A few months after Hell Yeah!
was released, the Arkedo team announced that it was going on hiatus
. Founders Camille Guermonprez and Aurelien Regard still haven't "officially" laid the studio to rest, but Arkedo as a company remains inactive.
But more than a year later, one half of that duo is now trying his luck in a solo mission. Regard recently revealed The Next Penelope
, a futuristic, top-down racing game, as his first venture post-Arkedo -- and he tells me that his move from Arkedo to solo indie has been rather busy.

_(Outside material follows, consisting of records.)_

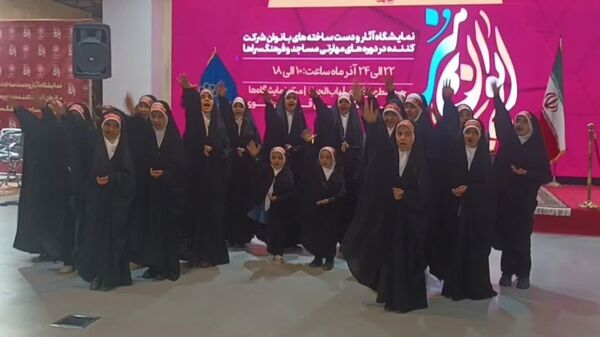 ایوان هنر، گفتگویی بدون کلام از دستان هنرمند بانوان مشهدی است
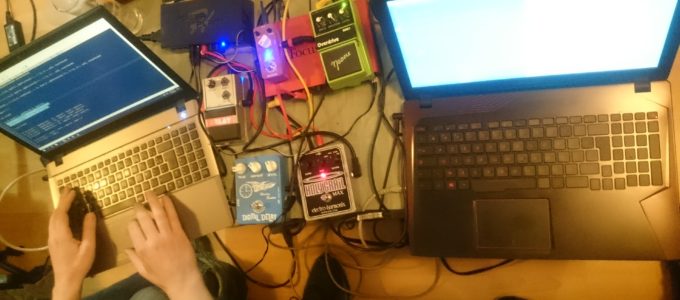 7eme ciel - livecoding with laptop and fx pedals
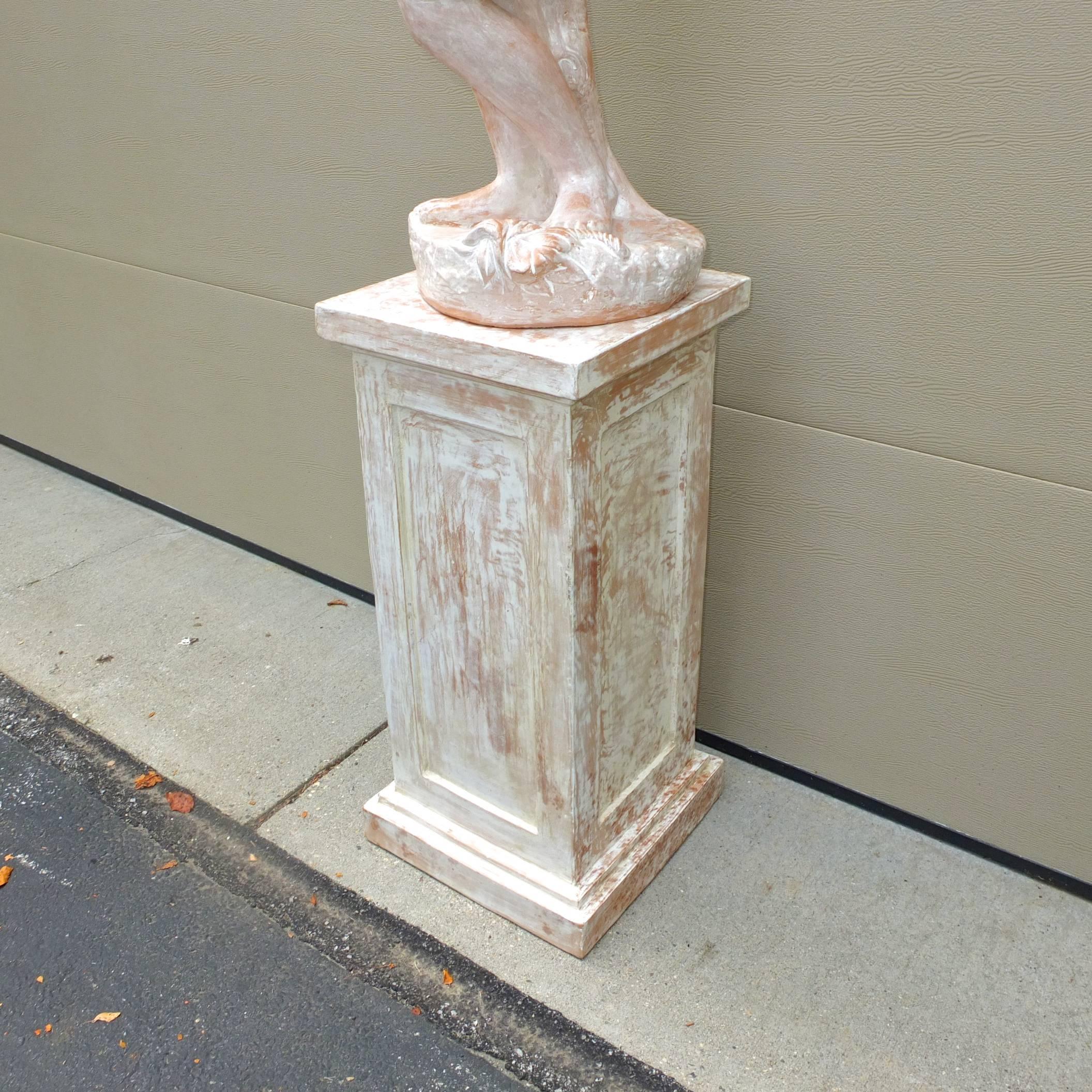 Statue de femme sur socle en terre cuite Excellent état - En vente à Hanover, MA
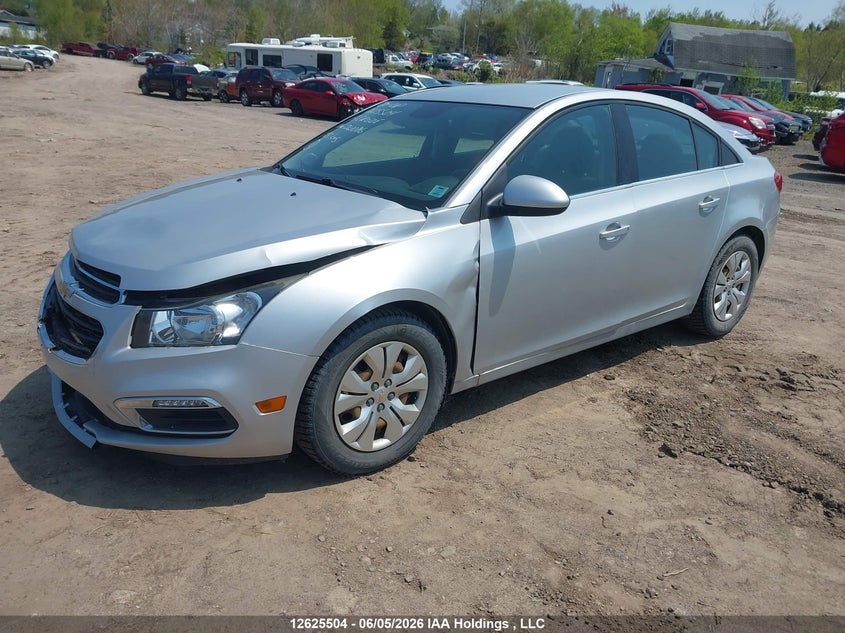 2015 Chevrolet Cruze, Удар спереду, IAAI, VIN 1G1PC5SB9F7261086 — фото 2
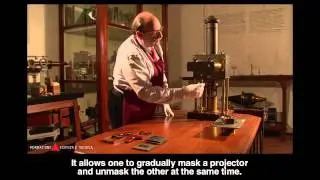 Dissolving view apparatus
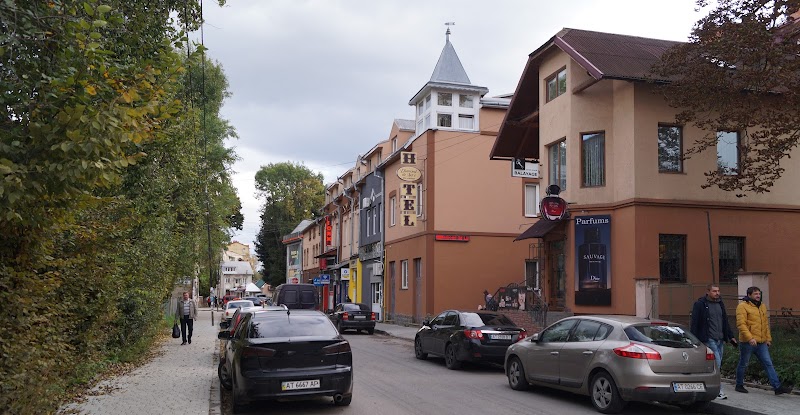Diamond De Luxe Hotel in Kolomyia, Ukraine
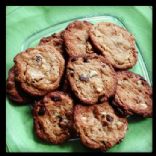 Peanut butter, chocolate and almond flourless cookies
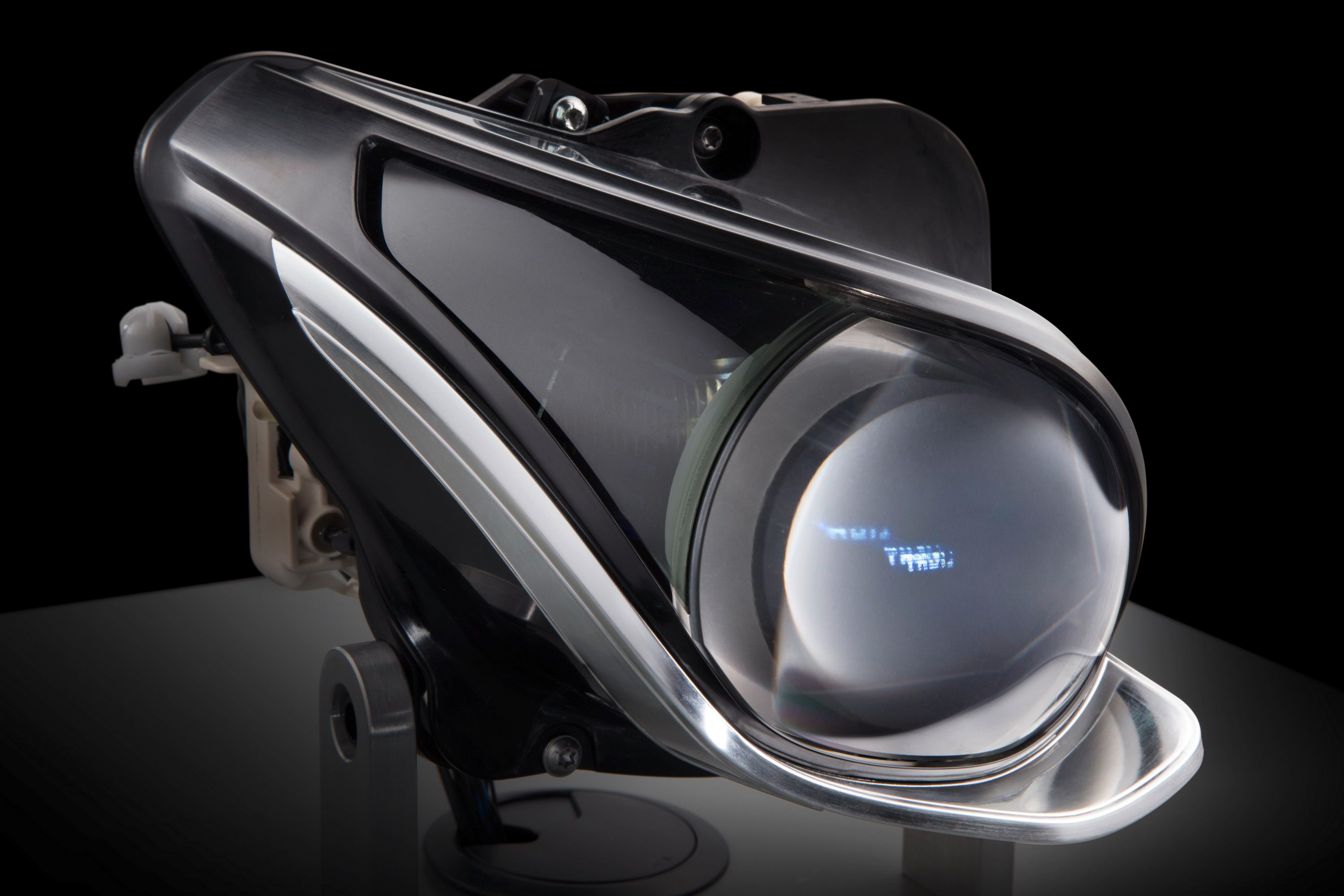 Mercedes Previews Its New LED Headlights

"The transition has been pretty smooth, actually," he tells me. "Even after the official end of Arkedo, it wasn't really over. My friend Dimitri Pean (former Arkedo lead programmer) and I continued to work for months on a cute but pretty hardcore little game called Poof
we started and loved at Arkedo."
"I also wanted to try to do some code and music by myself for many years but never had the opportunity, so I looked at the bright side of the situation and started The Next Penelope
as a one man band, in a very spontaneous move."
Since going solo, Regard has found the going really rather tough -- yet he's still very happy that he's doing his own thing now.
"Today, I don't sleep much," he admits. "I don't have weekends off anymore and I have to handle serious business things I've never done before. But at the end of the day, it feels really great to learn so much."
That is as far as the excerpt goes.